Краткая биографическая справка поможет объяснить причину моих опасений. До прихода в Goldman Sachs в 1995 году я долгие годы был так называемым «грязным экономистом», совмещающим классическую экономическую теорию с хаосом биржевого зала. Моей специализацией были валютные рынки. Я пришел в бизнес в 1982 году после защиты докторской в Университете Суррея. Мне нужна была хорошо оплачиваемая работа, так как за время обучения я накопил изрядные долги, поэтому меня притягивала перспектива работать в деловом центре Лондона, Сити. Поскольку я не был выпускником Оксфорда, Кембриджа или другого престижного университета – а в те дни это значило многое, – традиционные британские клиринговые банки вряд ли обратили бы на меня внимание. Банком, который предложил мне работу, оказался Bank of America. Признаюсь, я был несколько наивен: это название так походило на Bank of England, что я сначала подумал, что это лондонское отделение Федеральной резервной системы США, а не мультинациональная корпорация. Но этот банк дал мне шанс, я был благодарен за это.
В то время в Bank of America все еще ощущалось сильное влияние традиционной экономической теории, порой доходящее до абсурда.
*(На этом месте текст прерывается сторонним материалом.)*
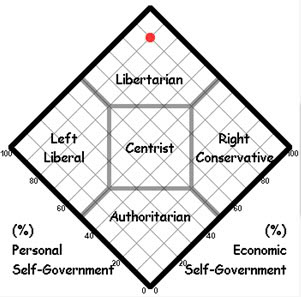 Are You A Libertarian?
Первой страной, которую мне поручили анализировать, была Италия. Каждый месяц я участвовал в телеконференции с экономистами из штаб-квартиры банка в Сан-Франциско, в ходе которой мы обсуждали пятилетние прогнозы по итальянской лире. Валюта была настолько волатильна, что мы часто не знали, как она будет торговаться в течение дня, не говоря уже о более отдаленной перспективе. После нескольких таких встреч я мог с точностью до минуты предугадать, когда кто-нибудь из участников сделает очередной прогноз о скором дефолте Италии. Соотношение ее долга с ВВП в то время было примерно на том же уровне, что и сейчас, – более 100 %. Тот факт, что Италия продолжала ковылять, спотыкаясь, но даже не приближаясь к дефолту, привел меня к мысли о том, что в мире финансов полно людей, считающих себя намного более осведомленными, чем они есть на самом деле.
Вскоре я перешел в лондонское отделение банка Marine Midland, а затем, в 1985 году, был переведен в их офис в Нью-Йорке. Мне очень нравилось в Нью-Йорке. Мне были по душе принципы меритократии, главенствующие здесь. Самым важным было то, на что ты способен и насколько разумно то, что ты говоришь. Моей первой работой в Нью-Йорке стала позиция экономиста биржевого зала. Я находился в центре мира трейдеров, работающих на валютных рынках, и я многому научился у самых пробивных и толковых из них.
Часть моей работы заключалась в ожидании у телекса. Я хватал только что распечатанные новости и принимался интерпретировать их. Если Бундесбанк повысил процентные ставки, чту это означает для валютной пары «доллар – немецкая марка»? Как трейдеры могут использовать эту информацию? Я должен был применять свои теоретические знания на практике, не имея много времени на раздумья, здесь и сейчас.